Sheikh is one of more than a thousand pellet gun cases that the ophthalmology department at the SMHS Hospital has treated since July 2016. On the worst days the hospital’s four dedicated operating theaters, as well as a trauma theater in the emergency department, are all simultaneously pressed into action to treat pellet victims—as many as 20 people a day.
“I never thought I’d be doing something like this for eyes,” said Sajad Khanday, a consulting ophthalmologist at the hospital, by which he means extracting pellets of various shapes—some globular like ball bearings, others sharp edged and irregular—from patients as young as three and as old as 70.
Khanday said 2016 and 2017 were the worst years in the 15 he’s been practicing in Kashmir. “There’s been a surge, a spike in eye injuries which I've never seen before. It’s startling.” He said he can remove only the superficial pellets and that those deeply embedded remain in situ, with unclear long-term complications. The surgery is delicate, but the hardest part, Khanday said, is being at the bedside when a patient like Sheikh first opens his eyes. “It’s a very painful experience.”
For some victims the physical trauma is compounded by their inability to get what they consider justice from the state. By law India’s men in uniform have been immune from prosecution in civilian courts since at least 1990 under the Armed Forces (Jammu and Kashmir) Special Powers Act.
According to Amnesty International’s Wani, “Section 7 of this law mandates that even after a security forces personnel is found involved in a human rights violation, a civilian court can’t charge him, can’t prosecute the person, until and unless the government of India gives permission to the court” to do so. Hundreds of such cases are languishing in the courts, Wani said. “For some it has been 20 years, 25 years, 15 years, and the government of India has not responded.”
A LONG WAIT
Other Kashmiris are also waiting for justice and accountability—or at least information about their loved ones. Pellets and bullets inflict one form of harm, while enforced disappearances exact another.
Muneera Begum’s husband, Mohammad Akbar Rather, was last seen on November 28, 1996. The couple had been married just two years and had an eight-month-old son, Amir. Rather, a high school teacher at a private institution affiliated with the pro-separatist group Jamaat-e-Islami, was taken from his home in Palhallan, in Kashmir’s Baramulla district, at 7:30 that night by the Indian Army’s 8th Battalion of the Rajputana Rifles.
Begum wasn’t home.

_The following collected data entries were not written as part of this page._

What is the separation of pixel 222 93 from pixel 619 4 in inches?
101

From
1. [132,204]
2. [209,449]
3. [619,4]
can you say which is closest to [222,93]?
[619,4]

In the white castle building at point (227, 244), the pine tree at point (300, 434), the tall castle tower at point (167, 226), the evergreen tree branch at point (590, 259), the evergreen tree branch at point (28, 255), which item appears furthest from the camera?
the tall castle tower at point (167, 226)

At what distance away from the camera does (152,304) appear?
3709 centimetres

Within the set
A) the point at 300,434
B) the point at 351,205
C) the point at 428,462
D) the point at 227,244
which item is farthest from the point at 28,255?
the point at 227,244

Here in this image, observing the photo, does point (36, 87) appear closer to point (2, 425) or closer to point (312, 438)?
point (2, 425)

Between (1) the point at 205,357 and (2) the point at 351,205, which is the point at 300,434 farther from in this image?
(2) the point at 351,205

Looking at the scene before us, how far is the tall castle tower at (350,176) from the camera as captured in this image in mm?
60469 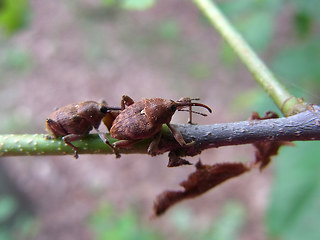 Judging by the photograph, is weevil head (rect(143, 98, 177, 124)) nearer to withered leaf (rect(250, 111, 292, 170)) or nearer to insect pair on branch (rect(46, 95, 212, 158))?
insect pair on branch (rect(46, 95, 212, 158))

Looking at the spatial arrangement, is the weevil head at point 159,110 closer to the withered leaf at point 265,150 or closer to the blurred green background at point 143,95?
the withered leaf at point 265,150

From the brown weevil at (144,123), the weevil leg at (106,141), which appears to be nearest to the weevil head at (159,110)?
the brown weevil at (144,123)

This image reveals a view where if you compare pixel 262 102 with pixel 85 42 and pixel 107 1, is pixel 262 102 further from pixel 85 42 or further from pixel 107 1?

She and Amir were at her parents’ house, a short drive away. It wasn’t until three days later that she learned from her father-in-law, who was visiting his son, that her husband had been forcibly taken.
It is unclear how many men like Rather were seized and disappeared in Kashmir. Activist groups put the number at 8,000 to 10,000. The State Human Rights Commission says the number is lower but did not respond to a months-long request to provide a figure. The women whom these disappeared men leave behind are referred to as “half-widows,” reflecting their uncertain status between wifehood and widowhood.
Following Rather’s disappearance, Begum, along with her father and father-in-law, went to the local base of the 8th Rajputana Rifles, seeking information about her husband. But they weren’t permitted to see him.
“We would go there in the morning; they would tell us he will be released in the evening,” Begum said. “We’d return in the evening, only to be told to come the next day. For three days we did this.” After that, she said, “we were told he escaped.”
Begum never returned to her marital home and even now, two decades later, rarely visits it. The house, she said, is a reminder of the life she might have led. She still lives with her parents, where she raised Amir, who recently graduated from university. She never told him what happened to his father. “He came to know on his own, from friends, from neighbors,” she said. “He didn’t ask me or his grandfather. We talk, but not about this. Why stress him with this?”
Begum and her father-in-law pursued her husband’s case through the police and the courts, demanding information about his whereabouts. An investigative report, dated June 6, 2000, by the State Human Rights Commission in Srinagar stated that Rather disappeared while in the army’s custody and that the young father was “not involved in any subversive activity” or “militancy-related affair.”
In August 2013 the state issued a death certificate for Rather without listing a cause of death. It simply said that he was missing and that he was 25 years old when he disappeared. Death certificates in cases like this, while not a declaration of state culpability, allow half-widows to seek state compensation of 100,000 Indian rupees ($1,535) and a civil service job for a member of their family.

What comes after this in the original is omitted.